The island Sissi found is not the same nowadays. Funchal, the capital city, is a cosmopolitan place full of esplanades, shops, museums and monuments. The first city ever founded by Europeans out of Europe has 500 years of history to offer, with its streets crowded during the day and peaceful nights.
The Sé, a cathedral of Manueline style, the convent of Santa Clara, the Museu das Cruzes, the Contemporary Art Museum in the São Tiago fort are some of the mandatory places to visit. It is in downtown that are located the Mercado dos Lavradores (the farmer’s market) and the Zona Velha (old area). The market may be visited during the day and the Zona Velha is great to have dinner or lunch and enjoy the view of painted doors in the street of Santa Maria.
The “espetadas” (roasted skewered meat or fish with vegetables) made on bay laurel sticks and the dishes of black scabbard fish and tuna are common on the menus in these restaurants, as well in all of the Madeira restaurants.
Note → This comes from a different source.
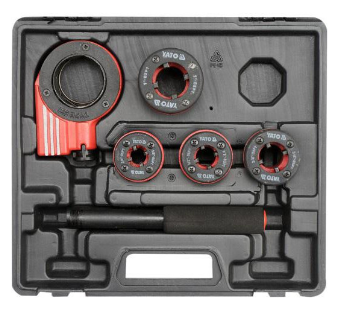 YATO Csőmenetmetsző készlet 5 részes (3/8" -1") termék fő termékképe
The Funchal is a step away from the Laurel Forest, listed by UNESCO as World Heritage, which grows in altitude along the “levadas”, channels that spread water all over the island. Cutting through the mountain, these “levadas” have parallel trails that allow everyone to see a hidden natural beauty.
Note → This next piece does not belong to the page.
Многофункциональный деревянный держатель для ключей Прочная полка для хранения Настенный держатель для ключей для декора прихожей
The island has two different coasts, but both are worthy of being discovered. In the south there is Paul do Mar, a wonderful place to surf and to dive in the sea. In the north there are natural pools in Porto Moniz and Seixal.
It is also from the northern shore and the Estreito da Câmara de Lobos that come the grapes for the Madeira wine, a liqueur type of wine that makes part of the life in Madeira. A bottle of this wine may last 100 years given that its cork is changed every 20 years.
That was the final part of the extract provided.